Apart from the pictures, the listing is to be returned exactly.

Given data START

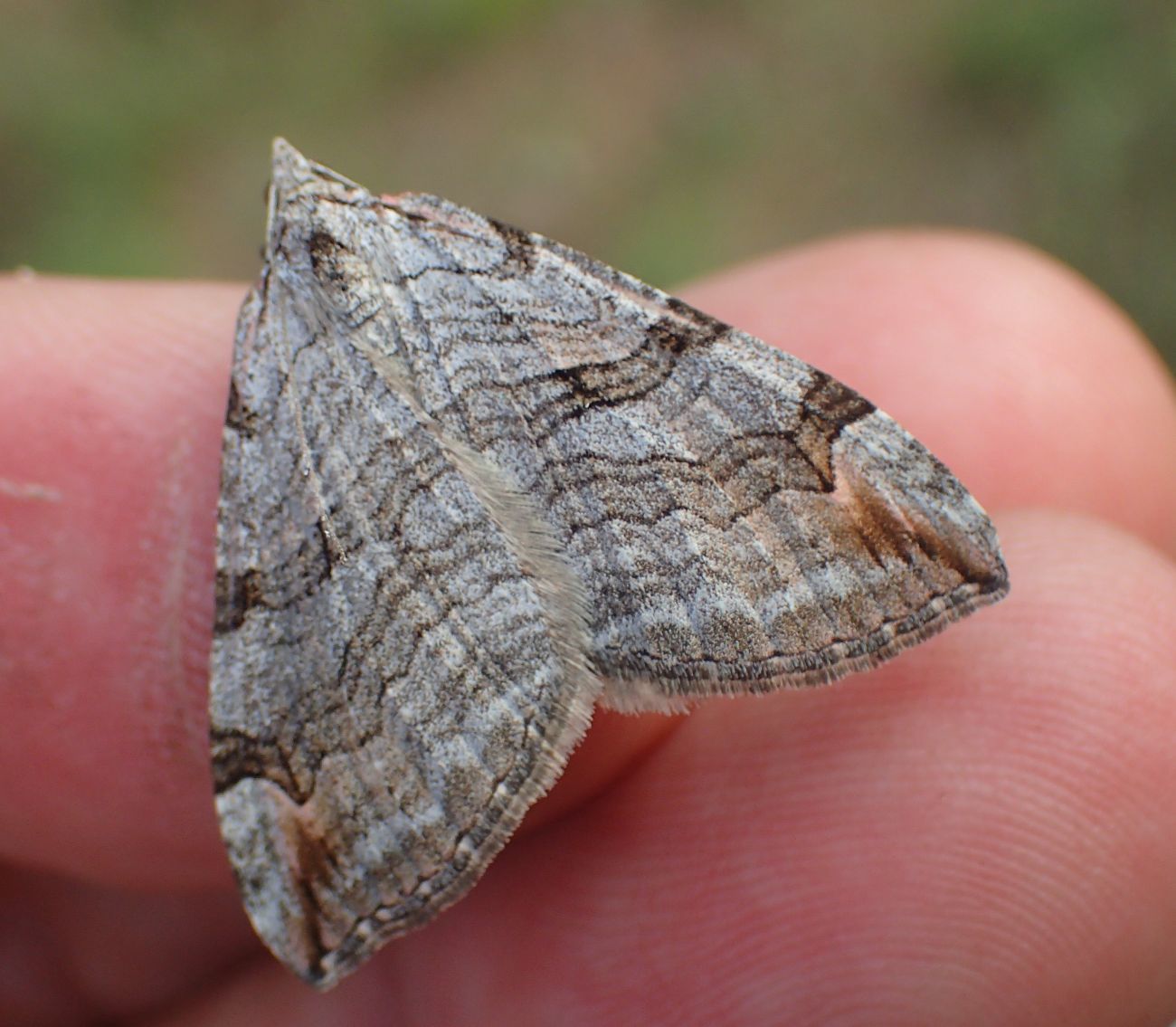 Aplocera efformata - hamuszínű csíkosaraszoló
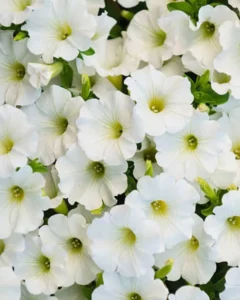 Petunia Mini White garden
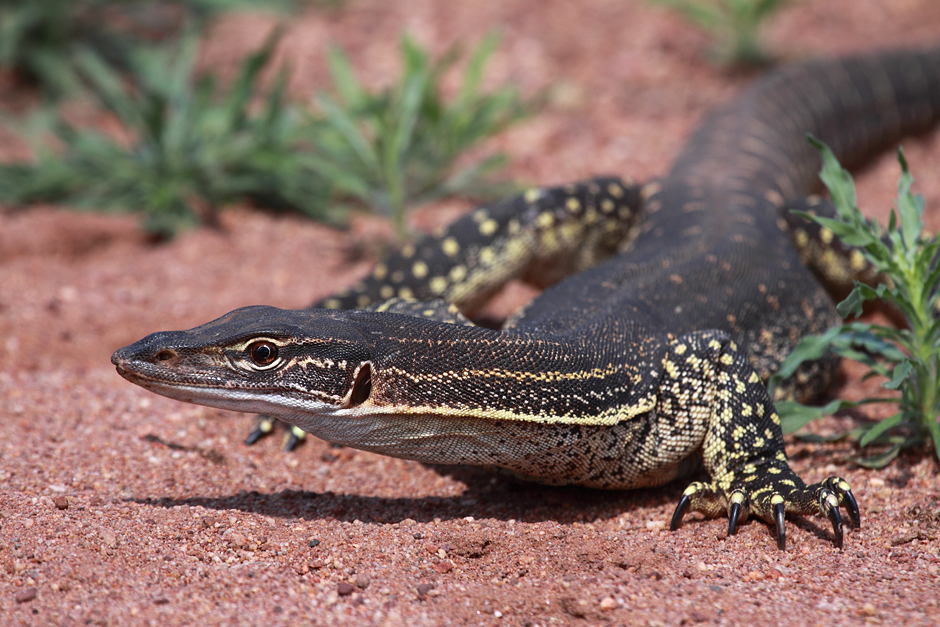 Sand Goanna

Given data END

▶ Answer to this exercise
 Aplocera efformata - hamuszínű csíkosaraszoló
 Petunia Mini White garden
 Sand Goanna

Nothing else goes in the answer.